First we need to describe the system we'll be simulating. With biomolecular systems, this is often done with an initial PDB structure and a choice of force field. For the toy model, we need to give a snapshot as a template, as well as a potential energy surface. The template snapshot also includes a pointer to the topology information (which is relatively simple for the toy systems.)

In [None]:
# convenience for the toy dynamics
import openpathsampling.engines.toy as toys

# Toy_PES supports adding/subtracting various PESs. 
# The OuterWalls PES type gives an x^6+y^6 boundary to the system.
pes = (
    toys.OuterWalls(sigma=[1.0, 1.0], x0=[0.0, 0.0])
    + toys.Gaussian(A=-0.7, alpha=[12.0, 12.0], x0=[0.0, 0.4])
    + toys.Gaussian(A=-0.7, alpha=[12.0, 12.0], x0=[-0.5, -0.5]) 
    + toys.Gaussian(A=-0.7, alpha=[12.0, 12.0], x0=[0.5, -0.5])
)

topology=toys.Topology(
    n_spatial=2,
    masses=[1.0, 1.0],
    pes=pes
)

integ = toys.LangevinBAOABIntegrator(dt=0.02, temperature=0.1, gamma=2.5)

options={
    'integ' : integ,
    'n_frames_max' : 5000,
    'n_steps_per_frame' : 1
}

engine = toys.Engine(
    options=options,
    topology=topology
)

Now let's look at the potential energy surface we've created:

In [None]:
plot = ToyPlot()
plot.contour_range = np.arange(-1.5, 1.0, 0.1)
plot.add_pes(pes)
fig = plot.plot()

## Defining collective variables

TIS methods usually require that you define states and interfaces before starting the simulation. State and interfaces are both defined in terms of `Volume` objects. The most common type of `Volume` is one based on some set of collective variables, so the first thing we have to do is to define the collective variable.

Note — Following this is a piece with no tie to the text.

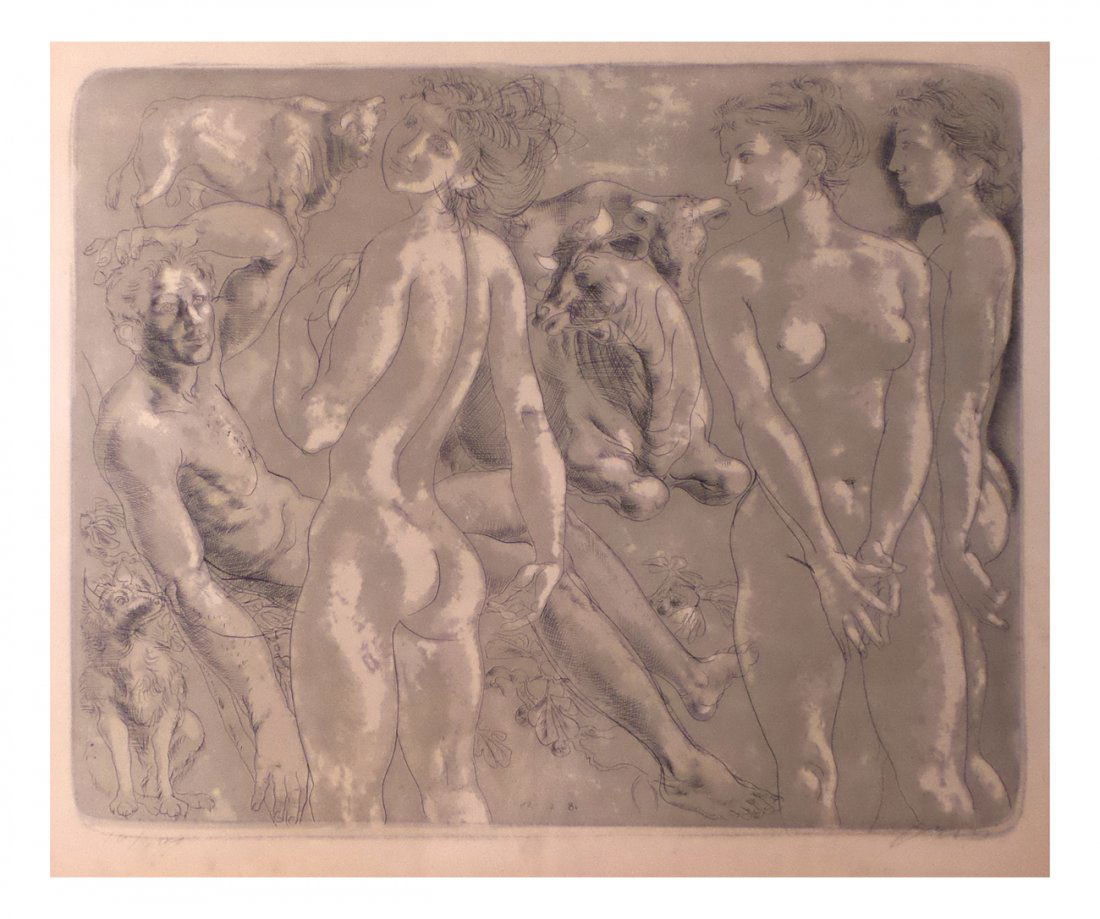 Hans Erni Nude Figures & Bulls Litho: Hans Erni (1909-2015) "Nude Figures & Bulls" signed and numbered 16/100 lithograph. [Image sight: 18 1/2" H x 23" W; Framed and matted under glass: 29" H x 33" W]. Stains in bottom margin.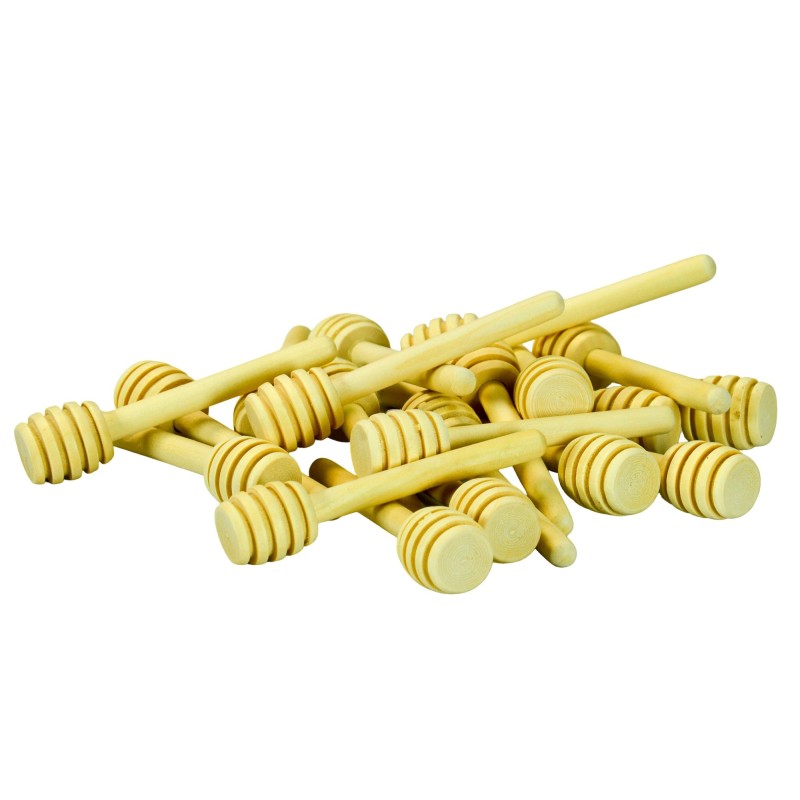 Honey Drizzler – 80mm Wooden Stick with 20mm Dipper – Pack of 20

For this system, we'll define the collective variables as circles centered on the middle of the state. OPS allows us to define one function for the circle, which is parameterized by different centers. Note that each collective variable is in fact a separate function.

In [None]:
def circle(snapshot, center):
    import math
    return math.sqrt((snapshot.xyz[0][0]-center[0])**2 + (snapshot.xyz[0][1]-center[1])**2)
    
opA = paths.CoordinateFunctionCV(name="opA", f=circle, center=[-0.5, -0.5])
opB = paths.CoordinateFunctionCV(name="opB", f=circle, center=[0.5, -0.5])
opC = paths.CoordinateFunctionCV(name="opC", f=circle, center=[0.0, 0.4])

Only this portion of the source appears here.